In between, we suffered five seasons not making the postseason matches, a run that brought back memories of those seven years between 2003 and 2010 when the 49ers never troubled the big boys. This year, the Rams of all teams ended any lingering Super Bowl hopes, a team Jimmy Ward to Sports Illustrated he had no time for ahead of the current season.
The 2022/23 season is almost upon us, and Kyle Shanahan will be hoping to do the double over the Rams in the regular season, but hold his nerve if the two meet in the postseason matches. The odds are not with the 49ers; despite being on the fringes of the favorites for Super Bowl LVII in the current Ladbrokes betting odds, they are behind the Rams, joint-third favorites with the Chiefs. That points to an exciting season ahead for San Francisco football fans, but is it one that can bring success?

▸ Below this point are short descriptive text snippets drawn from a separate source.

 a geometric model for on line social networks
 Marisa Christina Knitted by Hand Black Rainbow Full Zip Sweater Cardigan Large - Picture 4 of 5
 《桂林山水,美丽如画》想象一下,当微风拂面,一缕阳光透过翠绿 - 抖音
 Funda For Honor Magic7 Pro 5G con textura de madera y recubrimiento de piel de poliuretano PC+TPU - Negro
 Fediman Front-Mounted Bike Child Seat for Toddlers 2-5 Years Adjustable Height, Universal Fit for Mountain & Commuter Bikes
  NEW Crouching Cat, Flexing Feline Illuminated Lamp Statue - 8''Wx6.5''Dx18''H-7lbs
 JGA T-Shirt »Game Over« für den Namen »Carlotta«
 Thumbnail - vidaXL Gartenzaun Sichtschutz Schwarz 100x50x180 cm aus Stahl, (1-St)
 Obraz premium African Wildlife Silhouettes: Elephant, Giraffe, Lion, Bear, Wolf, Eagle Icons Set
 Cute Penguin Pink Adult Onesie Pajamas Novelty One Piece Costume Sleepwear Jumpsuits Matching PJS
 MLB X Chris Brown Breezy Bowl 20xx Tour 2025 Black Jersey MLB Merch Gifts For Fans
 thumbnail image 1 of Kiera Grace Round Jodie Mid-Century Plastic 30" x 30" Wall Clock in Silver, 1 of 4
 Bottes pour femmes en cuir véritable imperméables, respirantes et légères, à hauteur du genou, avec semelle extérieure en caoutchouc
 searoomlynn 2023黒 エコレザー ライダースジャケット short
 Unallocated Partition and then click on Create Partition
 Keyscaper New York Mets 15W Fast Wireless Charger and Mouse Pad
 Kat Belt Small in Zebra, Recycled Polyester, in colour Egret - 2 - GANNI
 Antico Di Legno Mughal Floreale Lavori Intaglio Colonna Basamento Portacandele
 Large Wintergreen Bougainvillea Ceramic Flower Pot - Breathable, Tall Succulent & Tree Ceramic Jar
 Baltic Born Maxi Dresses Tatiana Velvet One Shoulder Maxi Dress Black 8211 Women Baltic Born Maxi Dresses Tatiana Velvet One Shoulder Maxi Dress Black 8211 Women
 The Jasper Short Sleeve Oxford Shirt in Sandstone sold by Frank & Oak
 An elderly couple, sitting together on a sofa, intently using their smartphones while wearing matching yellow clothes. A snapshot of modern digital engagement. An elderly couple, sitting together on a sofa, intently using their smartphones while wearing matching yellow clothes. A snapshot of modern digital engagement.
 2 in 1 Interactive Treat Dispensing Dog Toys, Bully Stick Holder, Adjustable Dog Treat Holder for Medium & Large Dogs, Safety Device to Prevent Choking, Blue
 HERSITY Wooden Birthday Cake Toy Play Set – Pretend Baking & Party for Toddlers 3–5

Success is something football fans in the Bay Area have certainly enjoyed in the past; the 49ers were one of the best teams in the eighties and maintained a great record of making the playoffs and the showcase event each season. Between 1981 and 1994, they made the Super Bowl five times, winning each time, and only failed to get into the playoffs twice, in 1982 and 1991. It was a time of unprecedented success that brought so much joy to the area.
Which moments were the best? Ahead of the 2022/23 season, we thought we’d pick three seminal moments in 49ers’ history for you to enjoy again.
We all catch something every day; a bus, a cold, even a movie, but imagine not just making a catch, but making THE catch. In 1981, the 49ers faced Dallas in the NFC Championship game, with a place in the Super Bowl at stake. The Cowboys led 27-21, and with 58 seconds left, they faced a third-and-three at the Cowboys’ six-yard line. Montana cam away, rocking to his back foot as he searched for the pass to take them to the showcase event. He dropped back and launched a pass into Dwight Clark, who caught the ball for THE catch. Candlestick Park erupted with 51 seconds left, and the game moved to 28-27, paving the way for that first-ever Super Bowl win.
Super Bowl XVI
The 49ers’ period of dominance sprouted in 1979 with the drafting of Joe Montana, but it arrived for the world to see in the snowy setting of Pontiac, Michigan. It was the first cold weather climate to be selected to host the event, and a traffic jam going into the game didn’t help. Coach Bill Walsh played Kenny Loggins ‘This Is It’ almost incessantly before the game, and it was ‘it’. The 49ers were irresistible, ploughing into a 20-0 halftime lead. The Bengals, a footnote in proceedings, fought back bravely, going 20-14 at one point, but the 49ers hung on, with two field goals from Ray Wersching, taking his total to four in the game.
Montana is widely regarded as one of the best quarterbacks on the big stage, a man for all occasions, and in 1988 that was underlined. Coach Bill Walsh was taking his final game, and in a touch of irony, the opposition was the Bengals, the same opponent who had been beaten in the first Super Bowl the 49ers won. The Bengals led 16-13 with just under four minutes left, with a drive starting at their eight-yard line. It seemed impossible, but Montana led an 11-play, 92-yard drive that ended with John Taylor’s touchdown. The play for the final moment was the last Bill Walsh called in an iconic career.